- Opening Delimiter -

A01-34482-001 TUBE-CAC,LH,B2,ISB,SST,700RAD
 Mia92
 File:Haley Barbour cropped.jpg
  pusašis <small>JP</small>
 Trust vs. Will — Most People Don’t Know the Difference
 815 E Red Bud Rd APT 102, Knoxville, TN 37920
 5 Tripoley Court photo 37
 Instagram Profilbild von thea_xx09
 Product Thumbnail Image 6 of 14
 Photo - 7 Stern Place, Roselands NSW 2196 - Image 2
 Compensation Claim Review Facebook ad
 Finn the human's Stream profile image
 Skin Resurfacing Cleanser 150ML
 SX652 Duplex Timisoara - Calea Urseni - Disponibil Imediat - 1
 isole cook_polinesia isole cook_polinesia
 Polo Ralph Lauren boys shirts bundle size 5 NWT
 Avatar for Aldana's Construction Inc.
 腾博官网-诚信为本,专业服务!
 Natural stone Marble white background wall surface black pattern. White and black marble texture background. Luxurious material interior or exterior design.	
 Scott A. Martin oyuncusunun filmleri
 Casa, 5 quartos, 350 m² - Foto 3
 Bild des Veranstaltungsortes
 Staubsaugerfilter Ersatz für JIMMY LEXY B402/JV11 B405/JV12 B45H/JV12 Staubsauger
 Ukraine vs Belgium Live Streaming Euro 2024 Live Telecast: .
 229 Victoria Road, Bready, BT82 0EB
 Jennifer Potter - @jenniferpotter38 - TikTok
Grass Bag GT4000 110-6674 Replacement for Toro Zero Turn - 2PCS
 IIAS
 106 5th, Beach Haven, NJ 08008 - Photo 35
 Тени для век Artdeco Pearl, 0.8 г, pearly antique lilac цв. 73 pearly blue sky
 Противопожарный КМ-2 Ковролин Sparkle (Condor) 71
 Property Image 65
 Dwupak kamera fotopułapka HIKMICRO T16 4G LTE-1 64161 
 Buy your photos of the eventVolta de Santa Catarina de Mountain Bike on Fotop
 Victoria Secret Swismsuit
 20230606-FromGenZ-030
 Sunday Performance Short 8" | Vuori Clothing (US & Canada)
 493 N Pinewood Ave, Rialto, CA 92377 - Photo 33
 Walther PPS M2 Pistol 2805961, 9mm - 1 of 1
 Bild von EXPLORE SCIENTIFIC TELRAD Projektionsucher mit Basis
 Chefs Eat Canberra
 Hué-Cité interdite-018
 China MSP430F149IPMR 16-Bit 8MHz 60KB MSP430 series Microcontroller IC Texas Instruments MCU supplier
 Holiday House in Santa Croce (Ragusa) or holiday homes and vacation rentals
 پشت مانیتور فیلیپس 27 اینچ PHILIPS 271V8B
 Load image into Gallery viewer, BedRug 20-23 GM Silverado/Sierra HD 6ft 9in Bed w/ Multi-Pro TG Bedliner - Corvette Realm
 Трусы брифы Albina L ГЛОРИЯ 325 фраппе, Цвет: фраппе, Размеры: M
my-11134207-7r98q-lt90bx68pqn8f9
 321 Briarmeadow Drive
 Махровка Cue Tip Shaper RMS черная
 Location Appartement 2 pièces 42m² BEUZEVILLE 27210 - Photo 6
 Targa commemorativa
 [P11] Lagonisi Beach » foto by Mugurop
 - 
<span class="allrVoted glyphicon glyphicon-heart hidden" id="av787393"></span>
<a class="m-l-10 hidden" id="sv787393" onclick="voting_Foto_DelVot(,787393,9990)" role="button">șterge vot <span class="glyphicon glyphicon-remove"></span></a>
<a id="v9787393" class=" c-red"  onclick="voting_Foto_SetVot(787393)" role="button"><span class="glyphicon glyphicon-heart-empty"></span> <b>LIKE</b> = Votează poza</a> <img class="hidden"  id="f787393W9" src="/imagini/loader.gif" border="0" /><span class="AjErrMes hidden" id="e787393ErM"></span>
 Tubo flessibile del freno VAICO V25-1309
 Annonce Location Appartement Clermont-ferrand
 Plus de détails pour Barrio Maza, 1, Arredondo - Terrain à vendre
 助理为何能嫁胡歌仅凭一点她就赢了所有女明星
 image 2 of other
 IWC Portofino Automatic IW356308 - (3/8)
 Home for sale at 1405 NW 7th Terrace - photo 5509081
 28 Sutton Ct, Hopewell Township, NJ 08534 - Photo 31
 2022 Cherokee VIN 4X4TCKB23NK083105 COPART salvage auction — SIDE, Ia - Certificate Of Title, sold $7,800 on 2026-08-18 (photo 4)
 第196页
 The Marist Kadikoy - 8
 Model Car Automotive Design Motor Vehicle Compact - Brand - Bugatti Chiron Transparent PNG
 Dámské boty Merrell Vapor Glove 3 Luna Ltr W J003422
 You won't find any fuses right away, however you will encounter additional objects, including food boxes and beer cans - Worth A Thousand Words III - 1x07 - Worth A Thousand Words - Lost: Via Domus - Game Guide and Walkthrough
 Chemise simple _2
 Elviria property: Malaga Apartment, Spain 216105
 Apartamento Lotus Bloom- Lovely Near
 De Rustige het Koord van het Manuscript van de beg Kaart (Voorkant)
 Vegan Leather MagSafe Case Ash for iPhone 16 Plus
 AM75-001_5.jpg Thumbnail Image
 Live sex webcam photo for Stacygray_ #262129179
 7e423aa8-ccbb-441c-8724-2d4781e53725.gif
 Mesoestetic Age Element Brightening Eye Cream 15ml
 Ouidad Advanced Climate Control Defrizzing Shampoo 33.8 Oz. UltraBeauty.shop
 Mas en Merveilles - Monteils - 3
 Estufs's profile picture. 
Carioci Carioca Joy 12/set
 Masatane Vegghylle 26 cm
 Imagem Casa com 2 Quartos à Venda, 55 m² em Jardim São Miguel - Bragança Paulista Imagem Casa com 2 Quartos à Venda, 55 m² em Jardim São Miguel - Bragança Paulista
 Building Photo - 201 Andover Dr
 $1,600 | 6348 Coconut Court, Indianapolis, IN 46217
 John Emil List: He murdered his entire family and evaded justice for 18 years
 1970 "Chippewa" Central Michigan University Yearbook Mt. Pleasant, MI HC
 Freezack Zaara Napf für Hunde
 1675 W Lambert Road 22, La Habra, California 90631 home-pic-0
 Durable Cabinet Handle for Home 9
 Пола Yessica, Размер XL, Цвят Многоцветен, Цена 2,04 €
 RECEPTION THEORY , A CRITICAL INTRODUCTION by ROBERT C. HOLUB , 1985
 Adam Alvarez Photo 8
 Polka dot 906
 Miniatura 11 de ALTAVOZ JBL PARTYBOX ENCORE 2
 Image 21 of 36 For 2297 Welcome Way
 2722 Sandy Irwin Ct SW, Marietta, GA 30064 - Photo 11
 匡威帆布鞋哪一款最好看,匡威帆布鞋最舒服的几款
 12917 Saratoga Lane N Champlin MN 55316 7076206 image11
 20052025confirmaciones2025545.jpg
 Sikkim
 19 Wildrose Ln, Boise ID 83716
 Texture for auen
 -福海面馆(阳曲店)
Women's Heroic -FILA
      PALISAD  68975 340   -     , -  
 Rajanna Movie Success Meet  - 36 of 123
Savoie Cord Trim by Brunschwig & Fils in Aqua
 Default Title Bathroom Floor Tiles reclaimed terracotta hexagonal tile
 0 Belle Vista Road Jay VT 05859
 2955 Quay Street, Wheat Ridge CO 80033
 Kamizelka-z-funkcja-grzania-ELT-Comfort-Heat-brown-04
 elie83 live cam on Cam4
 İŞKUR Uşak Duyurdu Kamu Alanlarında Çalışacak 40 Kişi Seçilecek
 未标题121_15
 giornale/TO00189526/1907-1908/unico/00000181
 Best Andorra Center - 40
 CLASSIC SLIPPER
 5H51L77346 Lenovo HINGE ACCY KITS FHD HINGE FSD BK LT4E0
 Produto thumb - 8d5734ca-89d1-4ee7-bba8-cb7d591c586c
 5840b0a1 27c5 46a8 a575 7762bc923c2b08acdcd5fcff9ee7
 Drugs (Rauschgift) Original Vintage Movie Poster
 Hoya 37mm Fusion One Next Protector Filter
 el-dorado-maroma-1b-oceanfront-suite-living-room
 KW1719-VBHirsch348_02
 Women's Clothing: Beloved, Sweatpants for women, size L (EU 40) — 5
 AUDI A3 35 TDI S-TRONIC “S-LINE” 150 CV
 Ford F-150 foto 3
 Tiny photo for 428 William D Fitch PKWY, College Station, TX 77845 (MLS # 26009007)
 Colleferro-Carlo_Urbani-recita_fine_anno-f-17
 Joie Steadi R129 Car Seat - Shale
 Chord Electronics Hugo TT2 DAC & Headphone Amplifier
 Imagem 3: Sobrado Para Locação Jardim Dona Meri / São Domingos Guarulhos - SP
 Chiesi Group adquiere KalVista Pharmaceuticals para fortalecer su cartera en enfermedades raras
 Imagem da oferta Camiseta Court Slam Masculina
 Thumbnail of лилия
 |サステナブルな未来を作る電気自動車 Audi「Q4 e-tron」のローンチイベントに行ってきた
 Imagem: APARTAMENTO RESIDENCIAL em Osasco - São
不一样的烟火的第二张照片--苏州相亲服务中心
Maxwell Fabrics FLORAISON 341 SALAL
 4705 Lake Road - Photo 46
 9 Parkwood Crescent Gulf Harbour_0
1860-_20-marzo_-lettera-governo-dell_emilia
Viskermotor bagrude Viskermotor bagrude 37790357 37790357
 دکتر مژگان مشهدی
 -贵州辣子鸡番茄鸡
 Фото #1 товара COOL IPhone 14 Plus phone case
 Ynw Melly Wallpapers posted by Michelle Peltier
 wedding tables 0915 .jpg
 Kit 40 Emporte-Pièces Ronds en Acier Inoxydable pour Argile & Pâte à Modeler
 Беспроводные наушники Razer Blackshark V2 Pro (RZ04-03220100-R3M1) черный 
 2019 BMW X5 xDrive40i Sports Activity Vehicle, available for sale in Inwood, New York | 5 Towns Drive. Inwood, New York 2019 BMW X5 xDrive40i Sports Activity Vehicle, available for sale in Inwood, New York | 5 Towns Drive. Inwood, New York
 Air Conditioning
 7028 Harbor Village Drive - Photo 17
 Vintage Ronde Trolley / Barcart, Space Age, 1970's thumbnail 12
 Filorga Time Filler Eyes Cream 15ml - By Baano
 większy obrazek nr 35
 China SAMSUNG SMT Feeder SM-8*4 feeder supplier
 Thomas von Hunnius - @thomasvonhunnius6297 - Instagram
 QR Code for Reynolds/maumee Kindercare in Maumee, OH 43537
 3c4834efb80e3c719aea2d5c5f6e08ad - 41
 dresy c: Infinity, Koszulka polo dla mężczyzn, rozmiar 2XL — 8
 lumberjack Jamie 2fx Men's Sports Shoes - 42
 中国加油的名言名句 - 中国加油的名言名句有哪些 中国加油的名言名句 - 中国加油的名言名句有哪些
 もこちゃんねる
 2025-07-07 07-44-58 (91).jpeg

- Closing Delimiter -

# About this task
Every line of the records that includes the word "supplier" should be gathered.

# Solved problem
 China MSP430F149IPMR 16-Bit 8MHz 60KB MSP430 series Microcontroller IC Texas Instruments MCU supplier
 China SAMSUNG SMT Feeder SM-8*4 feeder supplier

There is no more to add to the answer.